Hamas delivers response to Gaza ceasefire proposal

Hamas has responded to a ceasefire proposal outlined by US President Joe Biden, capping days of waiting for an official response from the Palestinian group.

“The state of Qatar and the Arab Republic of Egypt announce that they have received today a response from [Hamas] and the Palestinian factions regarding the most recent proposal for a ceasefire deal and the exchange of prisoners and detainees,” a statement from Qatar’s Ministry of Foreign Affairs read.

White House Spokesperson John Kirby stated the US had received the response Hamas delivered to the mediators, and that the US was “working its way” through it.

“The response prioritises the interests of the Palestinian people and emphasises the need for a complete halt to the ongoing aggression in Gaza,” Hamas and Islamic Jihad announced in a joint statement.

They added they were ready to “engage positively to reach an agreement that puts an end to this war”.

According to Reuters, Hamas’s response includes a counter-proposal for a new timeline for the permanent ceasefire and withdrawal of Israeli troops from Gaza.

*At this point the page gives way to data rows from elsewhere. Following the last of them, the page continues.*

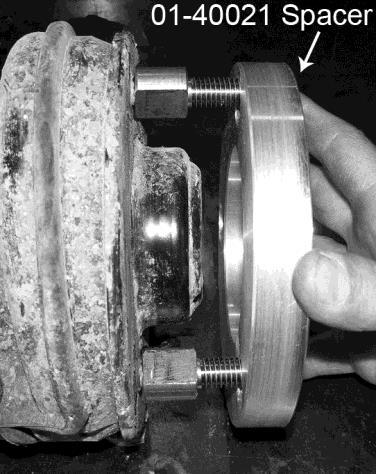 NOTE: When removing the strut, it is helpful to rotate the knuckle to gain clearance between the lower strut mount and axle shaft.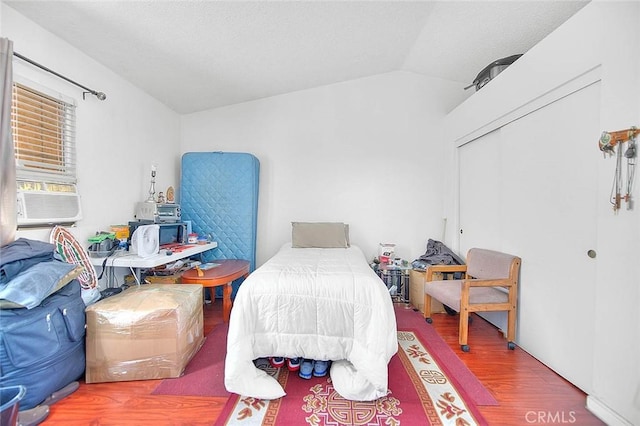 bedroom featuring a closet, lofted ceiling, hardwood / wood-style floors, and cooling unit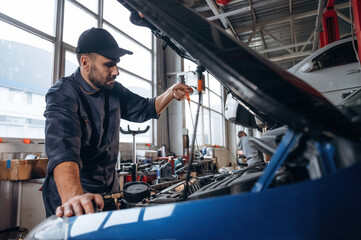 Transport is being repaired. Mechanic working in a car service station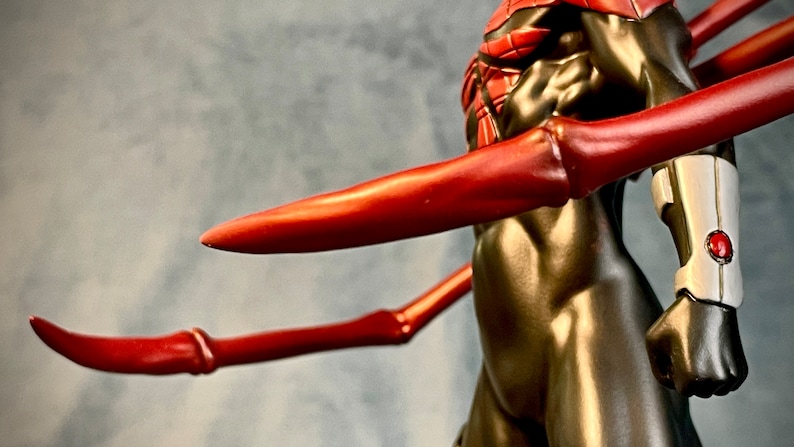 May include: A black and red action figure with long, red, articulated arms. The figure has a silver and red wrist band.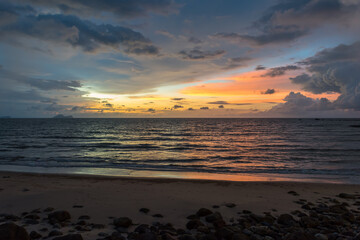 Obraz premium View to the South China Sea at sundown on the Damai beach in the Santubong national park in the north of the city Kuching on Borneo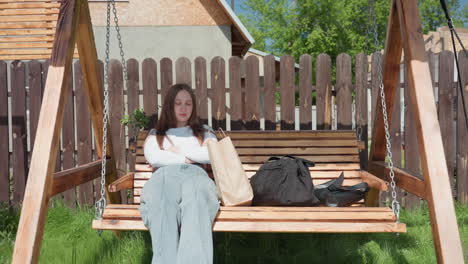 young lady sits quietly on wooden swing with crossed arms and shopping bags beside her, appearing thoughtful while another person lays on nearby swing in sunny fenced backyard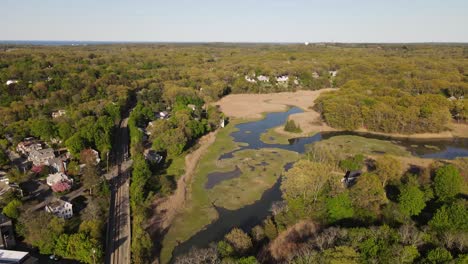 aerial tilt down from beautiful nature landscape to hingham train track, america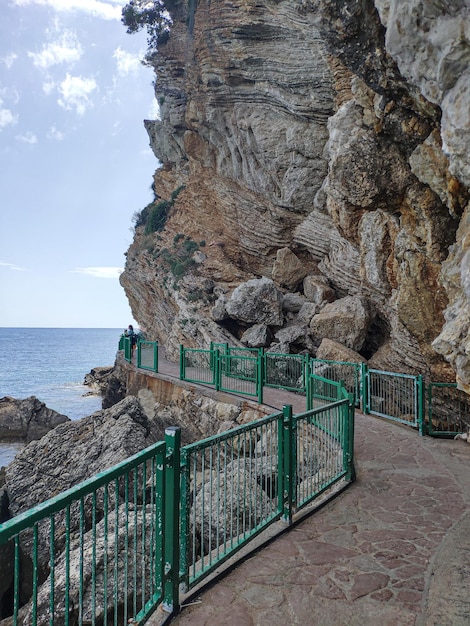 Foto sendero con valla cerca del mar y roca a la playa de mogren en budva montenegro
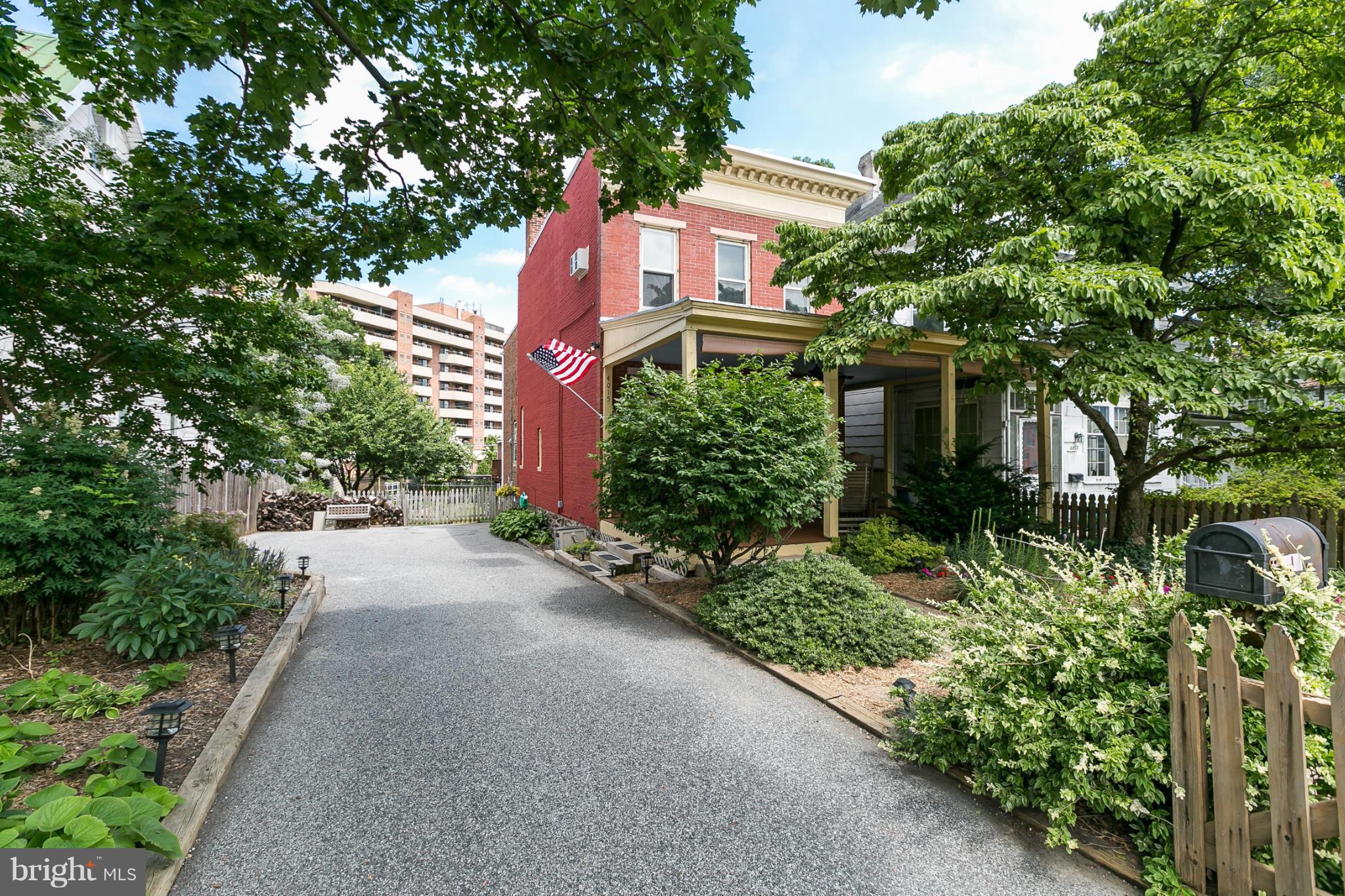 4015 Roland Avenue Baltimore, MD 21211 - Photo 1 of 30 a front view of a house with garden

Qatar said in its statement that it would study the response with Egypt and coordinate with the parties.

Hamas’s official response comes a day after the UN Security Council voted 14 to 0 in support of a US-backed resolution calling for a ceasefire in Gaza and hostage exchange.

The Palestinian group stated after the vote that it “welcomed” the resolution and expressed “readiness” to implement its principles through indirect talks with Israel.

US Secretary of State Antony Blinken stated Hamas’s statement was a “hopeful sign” but he continued to pressure the group, suggesting that the public comments didn’t amount to an official response delivered via mediators Qatar and Egypt.

“Everyone’s vote is in, except for one vote, and that’s Hamas,” Blinken added.

Blinken himself appeared to express frustration with Hamas’s decision-making process. The group’s top political officials are based outside Gaza, but the military leaders and head of the besieged enclave, Yahya Sinwar, are inside Gaza.

Analysts say Sinwar likely has the final say on a deal given his control of captives as necessary to start phase one of the staged ceasefire agreement and influence over fighters in the field.

Talks between Hamas and Israel have been ongoing for months.

Biden cast them into an unprecedented public view on 31 May, when he laid out the details of a three-phase agreement that he characterised as an Israeli proposal for a permanent cessation of hostilities in Gaza.

Despite an immediate positive response to Biden’s speech, the group soon expressed doubts about the deal.

Israeli Prime Minister Benjamin Netanyahu repeatedly rejected Biden’s suggestion that the deal would lead to an end of the war, stating that Israel would continue fighting in Gaza until it eliminates Hamas’s governing and military capabilities.

In response, Hamas sought written guarantees from mediators that a ceasefire would follow the hostage exchange.

Last week, Middle East Eye reported the latest Israeli proposal received by Hamas did not guarantee a permanent cessation of hostilities as described by Biden in his speech announcing the proposal.

The US’s move to put the ceasefire plan Biden verbally outlined in May to a vote at the UN Security Council appeared designed to force Hamas’s hand. Only Russia abstained from voting in favour of it.